2.6. Statistical modelling
To examine whether the variation in these four proxies varies significantly through time, we fit each as
a function of time using generalized linear (GLM) and generalized additive models (GAM; figure 2).
Following Shennan et al. [26], we specified a Poisson distribution and log link relying on quasilikelihood estimation. GAMs allow nonlinear fits between dependent (date density and site counts) and
independent (time) variables using a penalized regression spline approach [27–29]. This allows the data
to ‘speak for itself’ by increasing the degrees of freedom up to an optimal level while still maximizing
parsimony. As a result, GAMs allow the independent variable(s) to explain a greater proportion of the
dependent variable and to account for local variation in the relationship between the two variables.
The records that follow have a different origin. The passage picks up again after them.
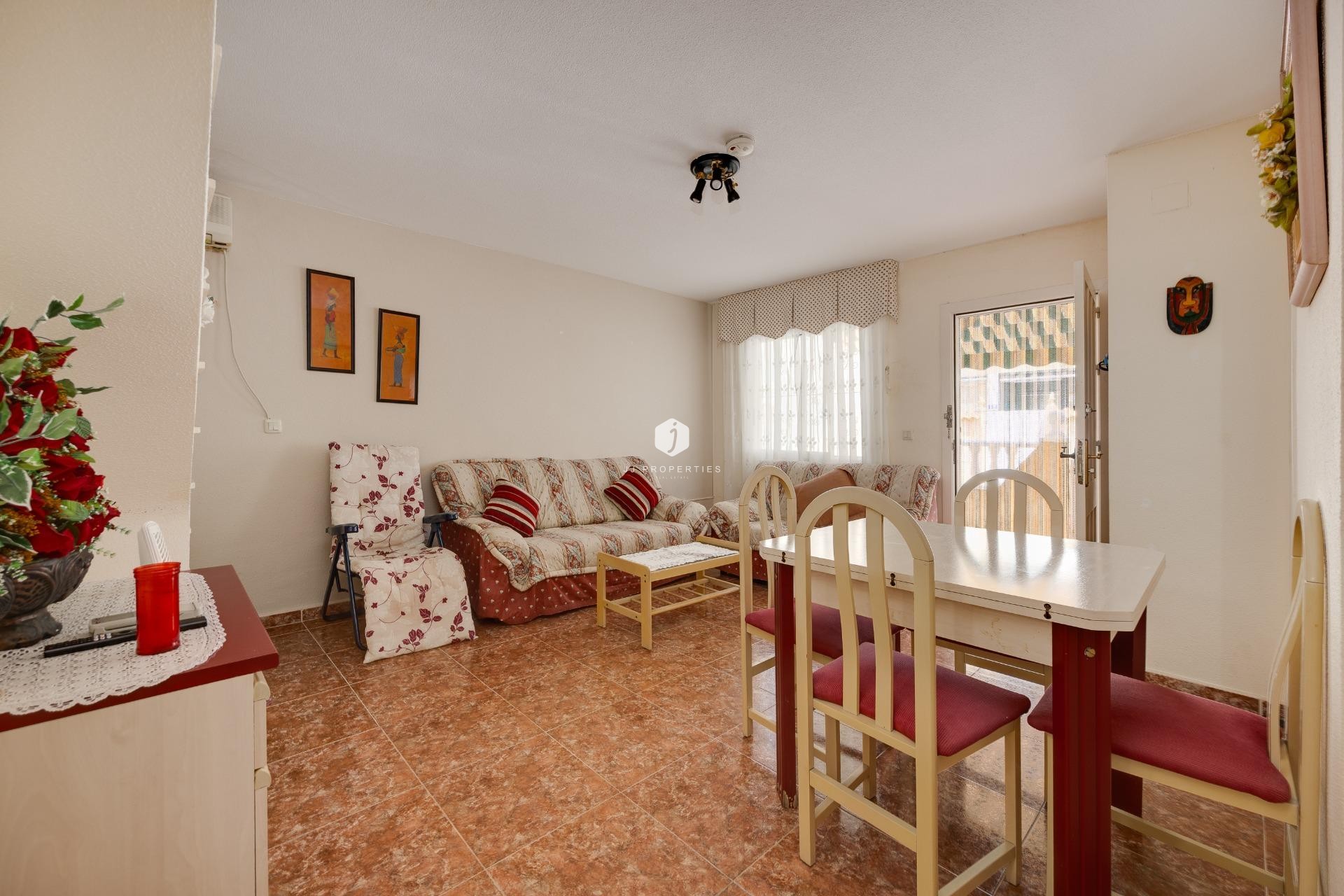 Resale - Villa -
Torrevieja - El Limonar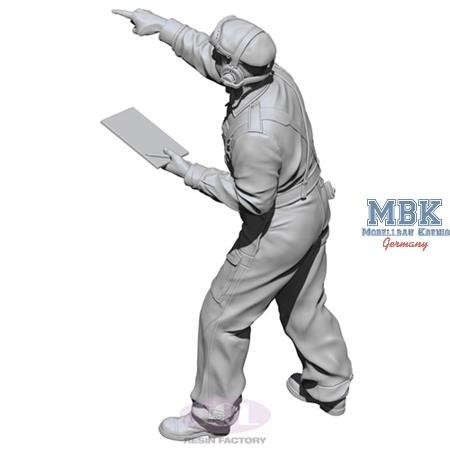 WWII M10 Achilles British Tank Gunner (1:35)
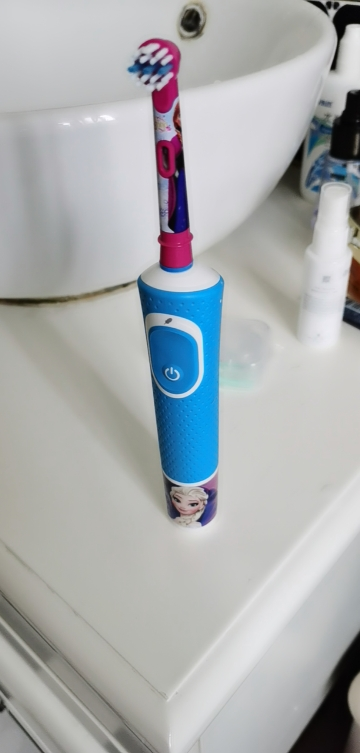 博朗欧乐b 儿童充电型电动牙刷d100冰雪奇缘款 机身防水 感应式充电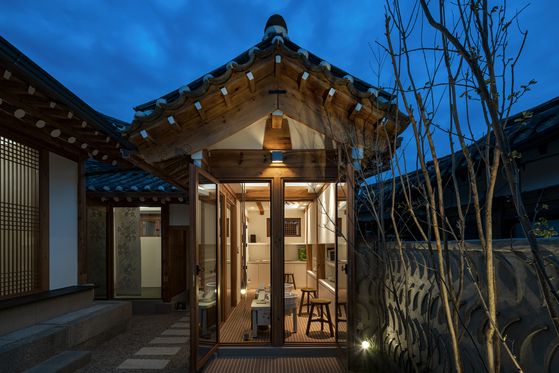 노스텔지어 슬로재 전경. 이 공간에서는 도예 클래스 등 전통 체험을 즐길 수 있다. 노스텔지어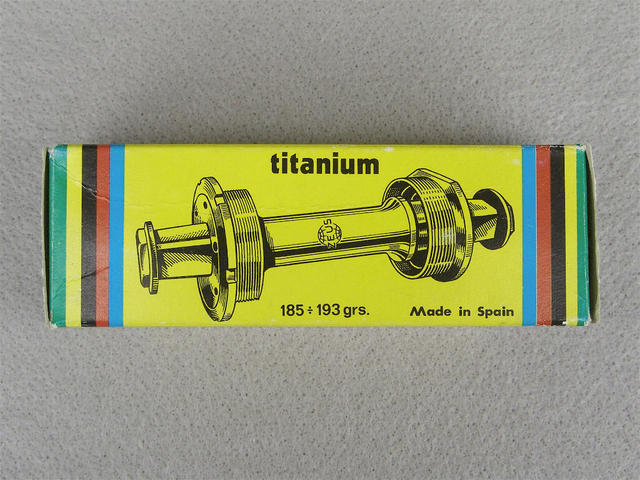 <------------------ SOLD ------------------> Zeus 2000 bottom bracket - titanium - 118 mm - French threaded (NOS)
The optimal degrees of freedom (knots) are defined following generalized cross-validation [28,29].
Model results report the estimated degrees of freedom (edf), r2 - and p-values. A GAM is useful in this
instance because it allows for description of local fluctuations in population that may be missed by more
strictly parsimonious models like a single polynomial GLM, which may better describe ‘global’ trends
in population. Because the model will optimize the degrees of freedom, the fitted trend will also smooth
over what are likely to be spurious fluctuations in the population data.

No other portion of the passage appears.